= Alfred Lion =

American record executive born in Germany (1908–1987)

Alfred Walter Lion (born Alfred Wladislaus Lion; April 21, 1908 – February 2, 1987) was a German-born American record executive who co-founded the jazz record label Blue Note in 1939. Lion retired in 1967, having sold the company, after producing recordings by leading musicians throughout the 1940s, 1950s, and 1960s.

==Early years==
Lion was born in Schöneberg, later a borough of Berlin, on April 21, 1908. He was raised in a Jewish family. His fascination with jazz began at the age of 16 when he saw a concert by Sam Wooding's Orchestra. In 1926, Lion emigrated to the United States, but while working on the New York docks he was attacked by an anti-immigrant worker; he returned to Germany to convalesce. From 1933, Lion lived in South America, working for German import-export companies, returning to New York in 1936. His presence at the From Spirituals to Swing concert at Carnegie Hall inspired him to start a record label.

==Career==
In partnership with communist writer Max Margulis, who supplied the start-up capital, Lion founded Blue Note in 1939. In the label's first record session on January 6, Lion recorded two musicians who had impressed him at the earlier concert: the boogie-woogie pianists Albert Ammons and Meade Lux Lewis. The company's first hit, recorded in the same year, was Sidney Bechet's recording of "Summertime". It was notable for being issued on a 12-inch 78 rpm record instead of the then standard 10-inch owing to its length.

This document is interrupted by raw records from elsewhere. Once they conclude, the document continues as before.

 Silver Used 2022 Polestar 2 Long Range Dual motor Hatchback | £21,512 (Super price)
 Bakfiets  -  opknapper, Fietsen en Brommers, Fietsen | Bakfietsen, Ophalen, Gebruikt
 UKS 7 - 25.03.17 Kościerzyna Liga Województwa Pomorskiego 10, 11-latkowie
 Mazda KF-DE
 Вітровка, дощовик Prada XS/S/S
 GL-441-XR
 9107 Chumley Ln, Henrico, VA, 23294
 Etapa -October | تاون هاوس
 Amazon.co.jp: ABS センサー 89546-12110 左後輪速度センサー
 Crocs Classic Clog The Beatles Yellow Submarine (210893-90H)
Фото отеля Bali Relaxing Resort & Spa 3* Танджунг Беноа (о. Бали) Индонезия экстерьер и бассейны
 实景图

By the time Lion was drafted into the army, his Berlin childhood friend Francis Wolff had joined him, and under the wing of Milt Gabler and his Commodore Music Store, Wolff sustained the business in Lion's absence. (Margulis had by now permanently dropped out of any involvement with Blue Note.)

At the persuading of Ike Quebec, who was a Blue Note recording artist and talent scout during the 1940s, Lion began to explore more modern developments in jazz, and Quebec introduced Lion to Thelonious Monk, the first 'modern' jazz musician Blue Note was to record. Blue Note's involvement with modern jazz was not total for several years, and Lion continued his label's association with Bechet and clarinetist George Lewis into the 1950s. Wolff would supervise few sessions himself until after Lion's retirement, concentrating on the company's business affairs.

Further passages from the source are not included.